What helps with that is, again, a community of parents who know exactly what you’re going through. They can explain confusing jargon or concepts and provide insight into how the school’s accommodation system works. There is so much that I wished I’d known back then. Yet another challenge is learning to navigate your emotions and responses when advocating for your child. Sometimes it’s all too easy to stay in perpetual “mama bear” mode, and forgetting to start your advocacy from a view point of grace.

Don’t get me wrong, sometimes “mama bear” mode can be necessary, if you’re dealing with a school system breaking the law or refusing reasonable accommodation for your children. However, there can’t be cooperation without mutual trust. There have been times especially early on in our journey that I trusted school staff because I didn’t trust myself to know my son’s needs and that trust proved to be misplaced. But I’m glad that I still come to the table from a place of trust, including in myself, and leave “mama bear” for when it is needed and not as a default.
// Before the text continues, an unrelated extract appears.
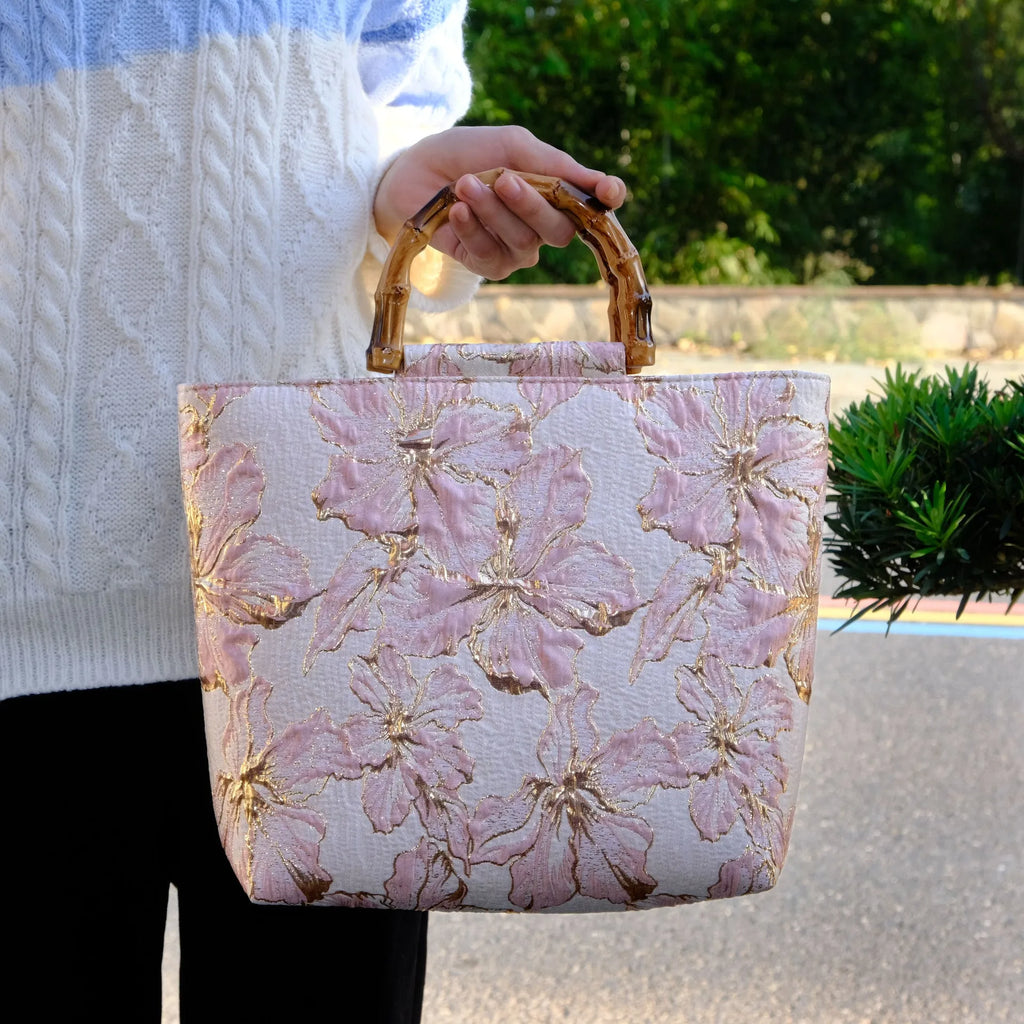 Light blue square canvas shoulder bag with gold bronzing flower pattern and double straps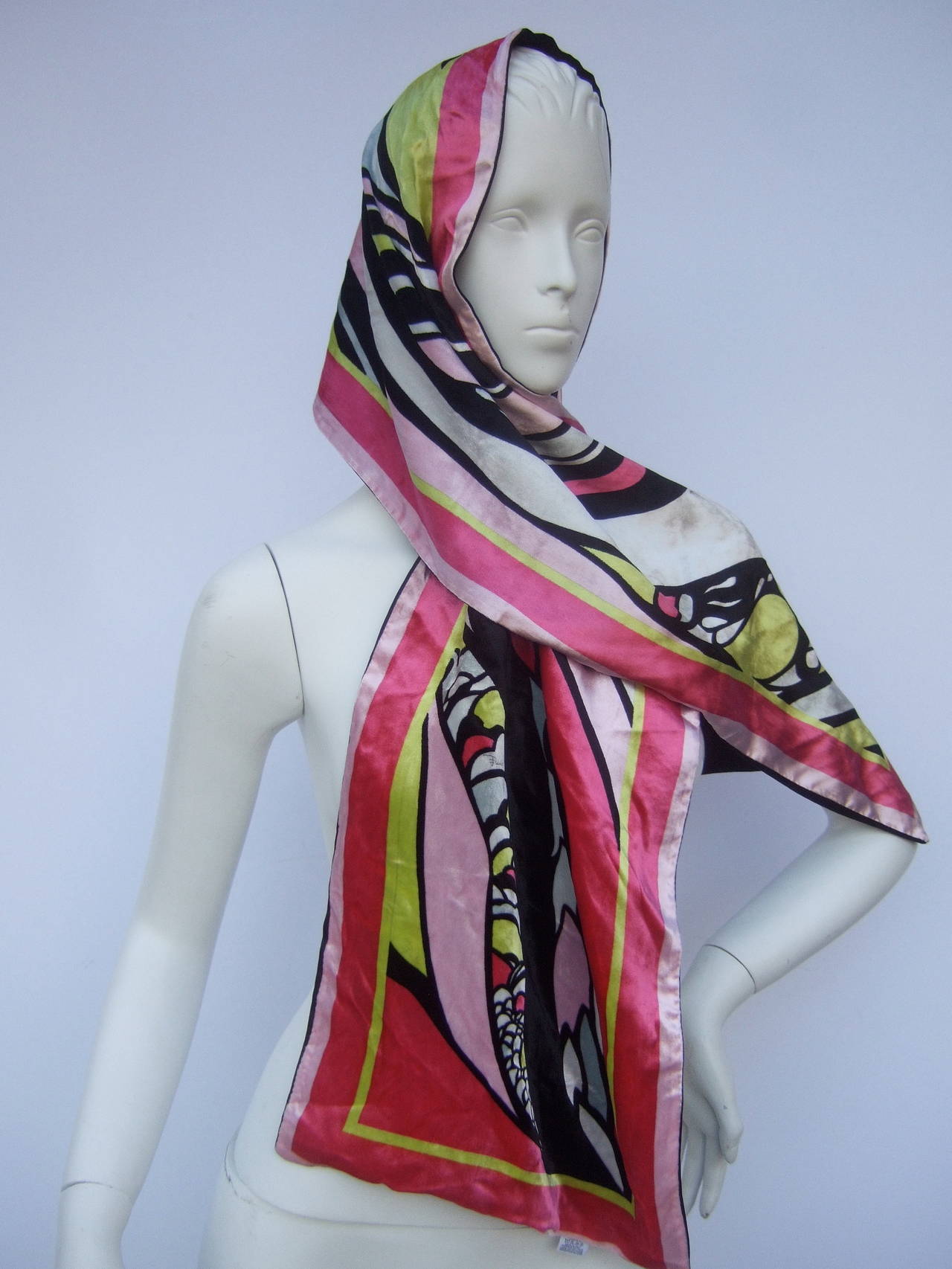 Emilio Pucci Luxurious velvet print oblong scarf Made in Italy
The chic Italian scarf is designed with a collage of bold graphics
The vibrant graphics range from fuchsia pink, pale pink, ice blue, lime green black & white  

The vivid bold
The issue is that schools can’t always do what’s best for my son because they have to do what’s best for the school. Whether it’s due to limited resources or short staffing. If I’d approached every encounter in mama bear mode, claws out and teeth showing, it would have been difficult for all of us to continue forward in cooperation.

There will be times when they drop the ball, or you drop the ball, and the best thing we can do is to give each other grace and recognize that we’re only ordinary humans who make mistakes. What’s important to keep in mind is that we do have the best interests in mind for our child, and, most of the time, so do the school personnel, and starting from that assumption on both sides will make the road ahead that much smoother.

There are going to be times when there are disagreements, sometimes significant disagreements, and it’s difficult to learn how to discern when you need to push harder and when you need to let it go. It’s a tough place to be in, and the discernment is something that comes with time, but it’s also enormously helpful to have a community of people that you can rely on to discuss matters with and get their neutral perspective – especially if they’ve had similar experiences.

Finally, what helps parents like me face our challenges most is when we get support from families whose kids don’t need accommodations. We feel supported when they join with us in helping our kids participate fully in school activities.

For example, if your child’s classroom has a child with disabilities, and during an event like Meet the Teacher Night the teacher apologizes to you for the noise or similar, you can respond, “You know, I really like that the classroom is really diverse and it helps my student when there’s more diversity in the classroom.”

When you do this, you let everybody around you know that you enjoy having an inclusive, diverse classroom, because it really does benefit everybody.